Il y a cette image entre eux qui se tord et ondule comme une photo sous l’effet d’une flamme, qui colle à la rétine comme un vieux chewing gum à la semelle de la chaussure, qui les cloue tous les deux immobiles, chacun à une extrémité du canapé, un arrêt sur image, un temps suspendu.

Avant, leurs corps tout chauds de l’habitacle de la voiture s’abandonnaient à cette fin de journée et assis côte à côte ils se laissaient porter par le ronronnement du moteur diesel de leur dernière acquisition. Les mille et un petits détails de la vie quotidienne que leur insignifiance même rendaient rassurants donnaient alors à leur vie une sérénité de bon aloi.

Ils étaient contents, contents d’eux, de l’image qu’ils renvoyaient, celle d’une certaine prospérité avec juste ce qu’il faut d’ostentation pour ne pas susciter un trop plein de jalousie de la part du voisinage.

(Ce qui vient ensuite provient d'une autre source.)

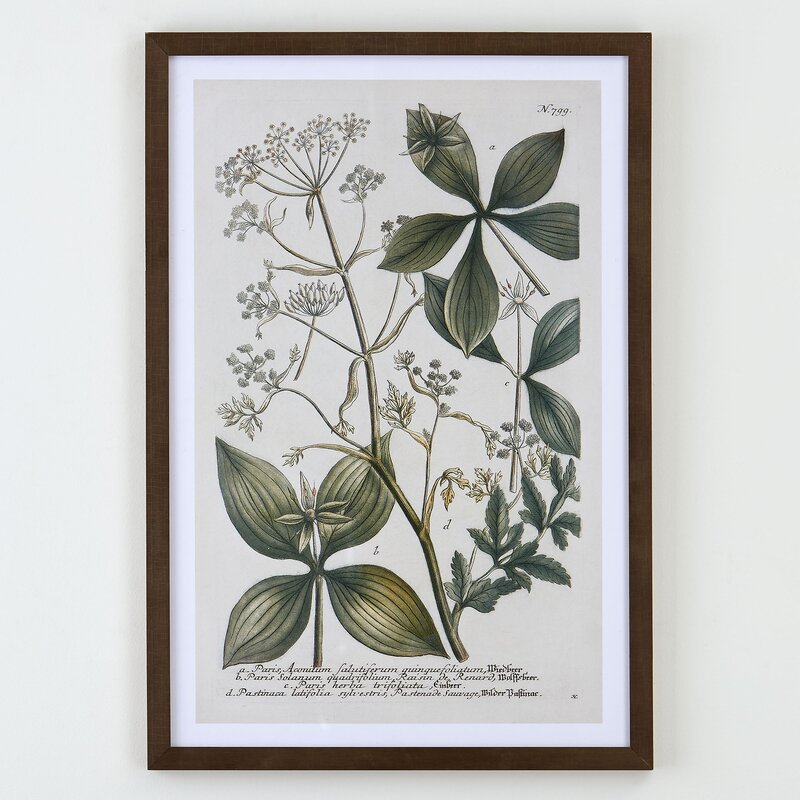 Birch Lane™ Classic Botanical Framed Print & Reviews  Birch Lane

Un joli couple, avec cependant une légère dissonance dans les prénoms, Kévin et Juliette.

Mais qui parmi leurs amis aurait pu souligner ce qui lui apparaissait, à lui Kévin comme une incongruité? Il aurait préféré s’appeler Roméo, c’eût été plus classe, plus romantique,  mais après tout,  n’est pas Montaigu qui veut…

Pour l’heure, la tragédie ne se joue pas à Vérone mais à la Queue en Brie. Dans le 9-4.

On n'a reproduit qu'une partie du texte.